▶ WORK REQUEST:
Stop at the line containing "Girl 3 - Blue": write out every line from the beginning of the entries up to and including it, minus the pictures.

▶ DATA SUPPLIED:
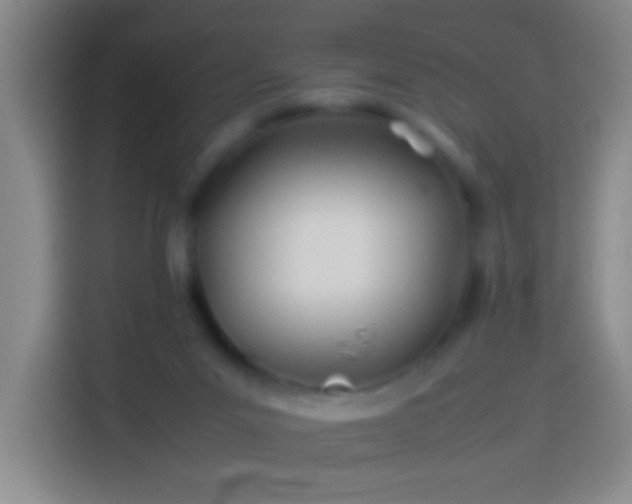 X0000113890023200910011331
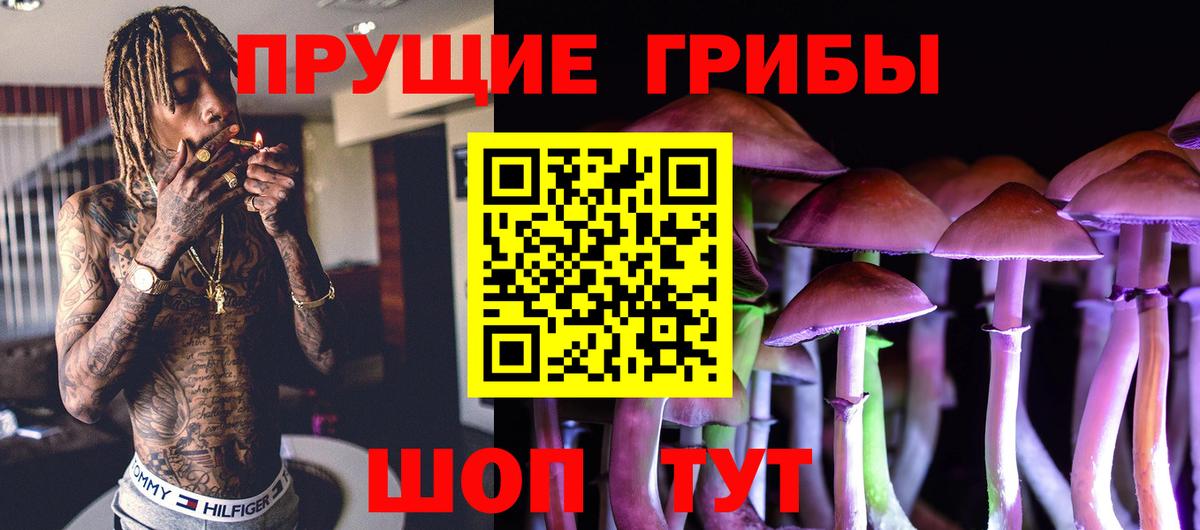 Галлюциногенные грибы Magic Shrooms Мончегорск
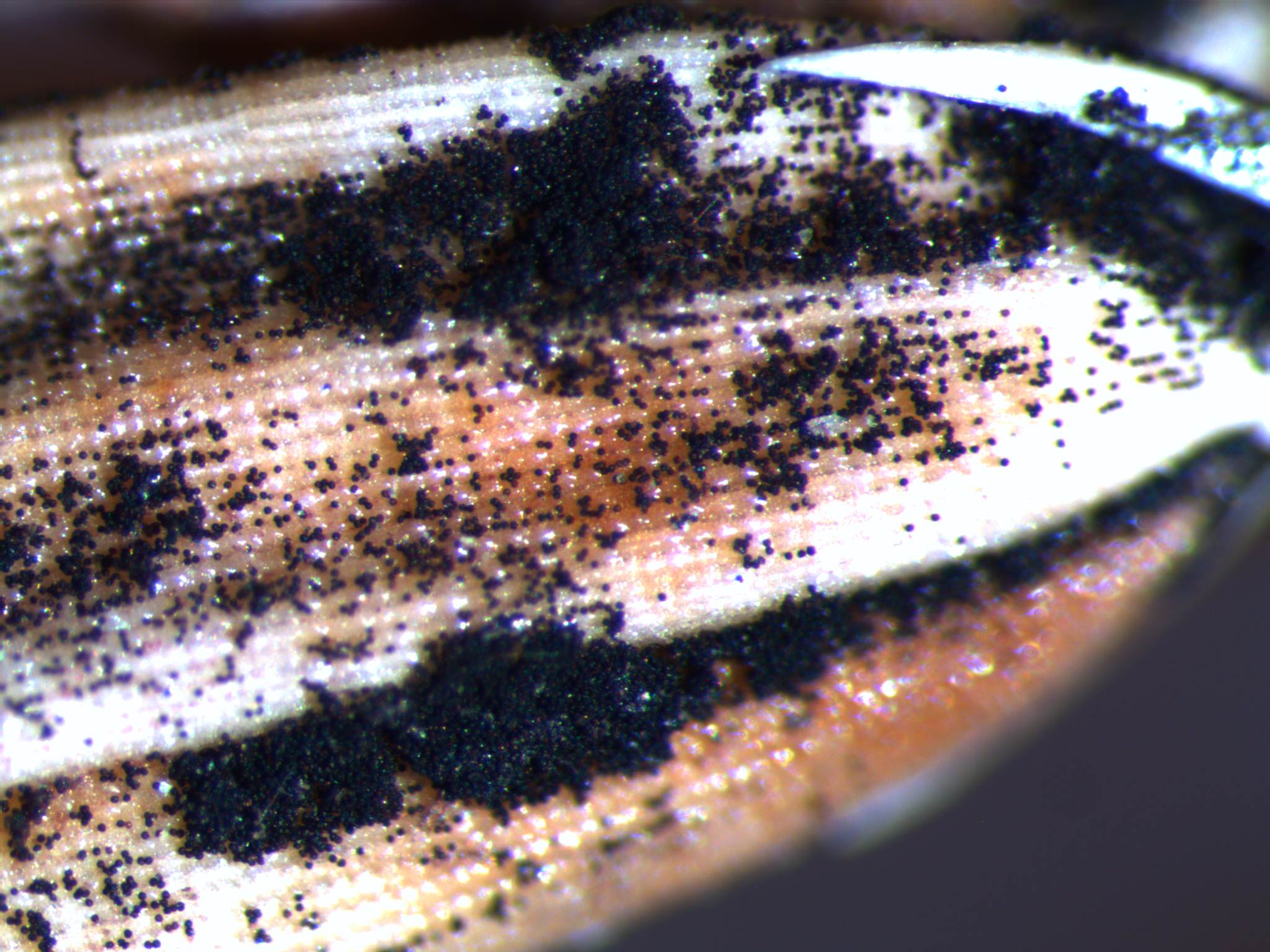Spores Oozing From Grain
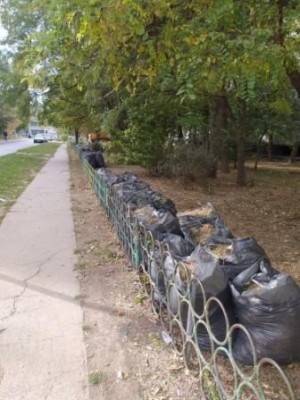 Округ №16: Жители округа приняли активное участие в «Месячнике чистоты»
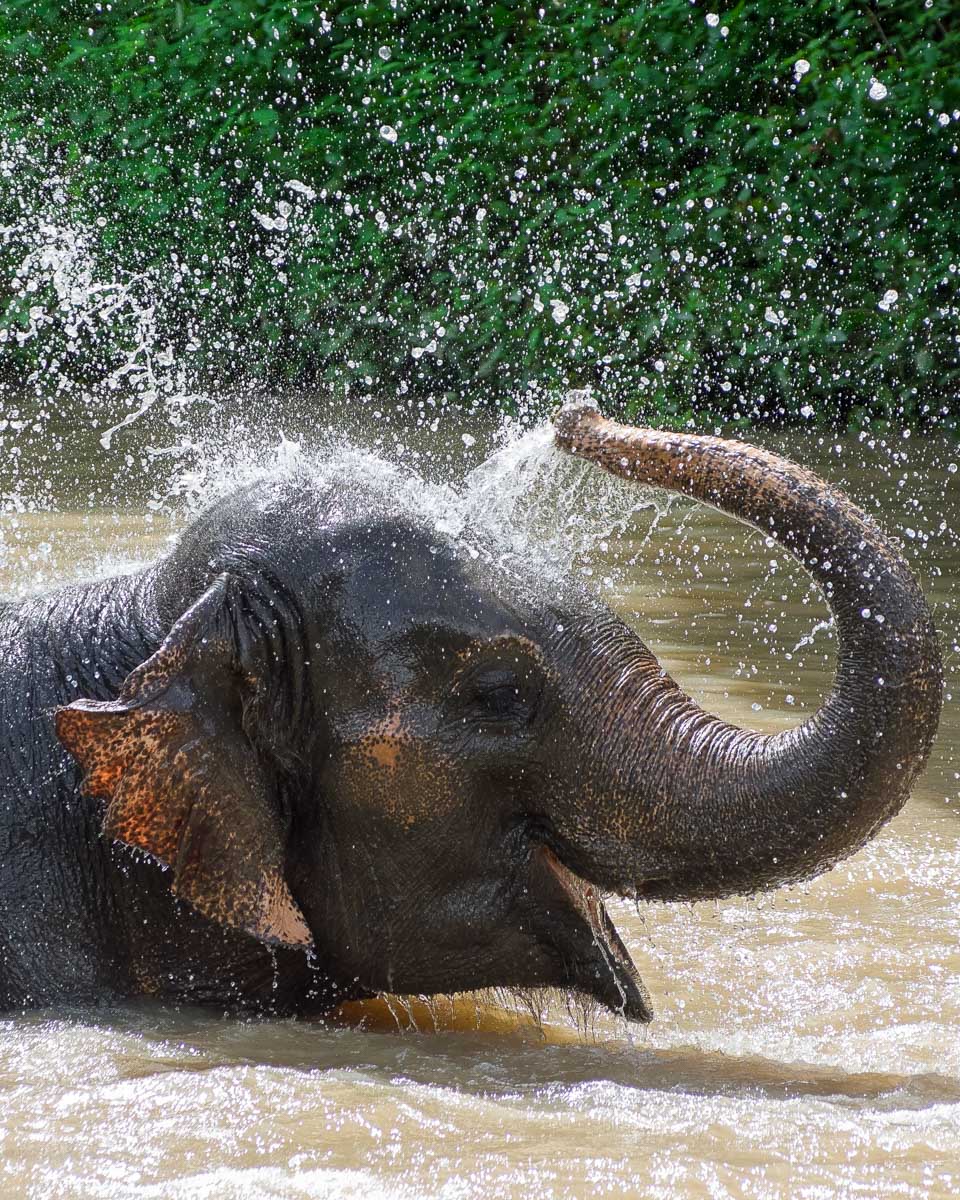 An-elephant-bathes-at-a-sanctuary-near-Pattaya-Thailand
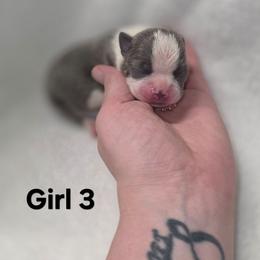 Girl 3 - Blue female Boston Terrier puppy in Ringgold, Georgia from A-K Boston Terriers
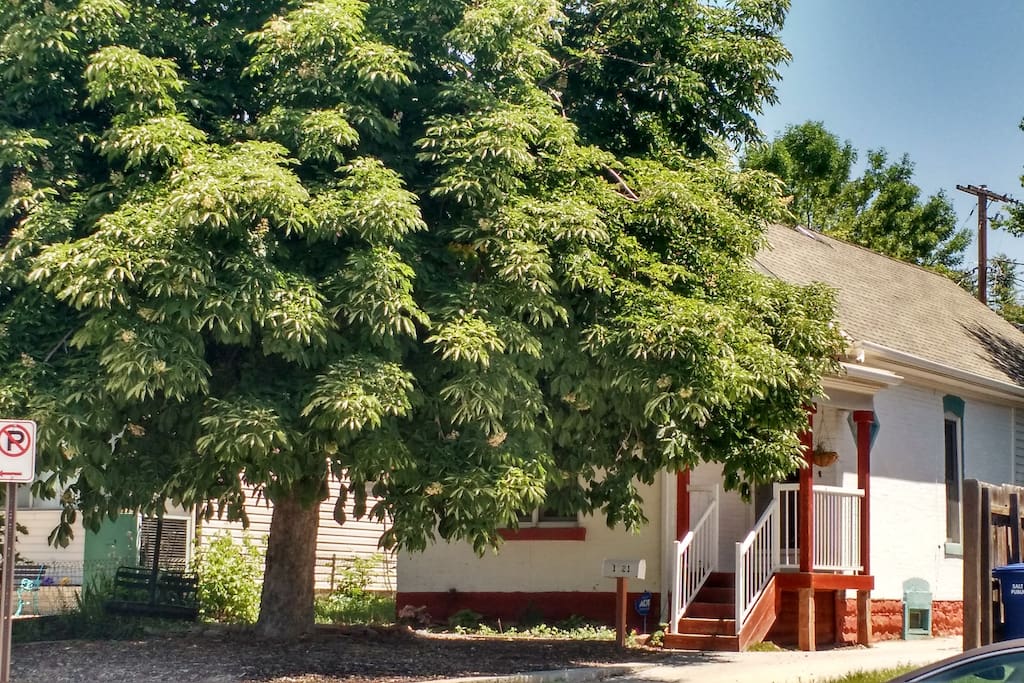 Front Yard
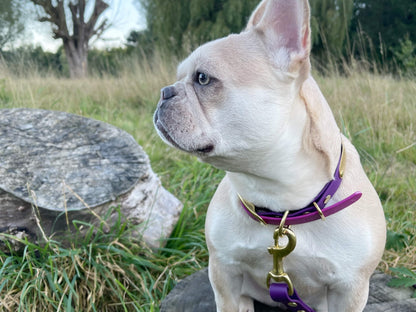 french bulldog wearing two tone biothane dog collar outdoor background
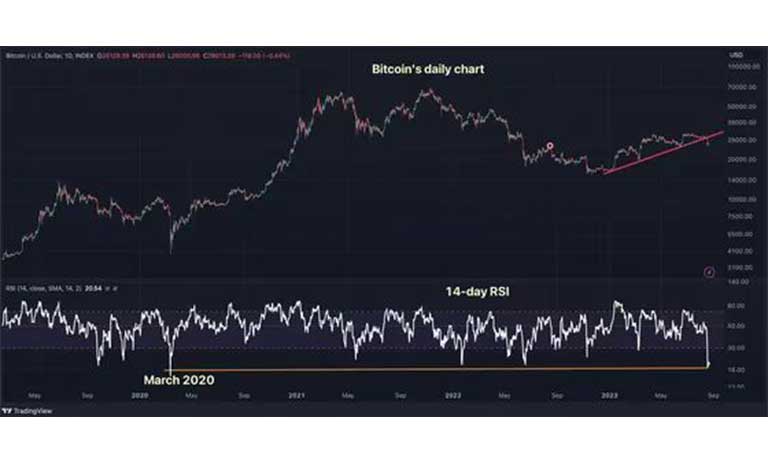 RSI 14 به پایین‌ترین سطح خود از مارس ۲۰۲۰ رسیده است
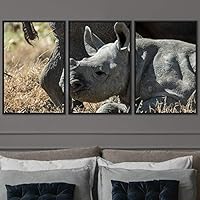 3 Piece Framed Canvas Wall Art Stomping The Wild Animals for Living Room Bedroom - 16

▶ TASK OUTPUT:
 X0000113890023200910011331
 Галлюциногенные грибы Magic Shrooms Мончегорск
Spores Oozing From Grain
 Округ №16: Жители округа приняли активное участие в «Месячнике чистоты»
 An-elephant-bathes-at-a-sanctuary-near-Pattaya-Thailand
 Girl 3 - Blue female Boston Terrier puppy in Ringgold, Georgia from A-K Boston Terriers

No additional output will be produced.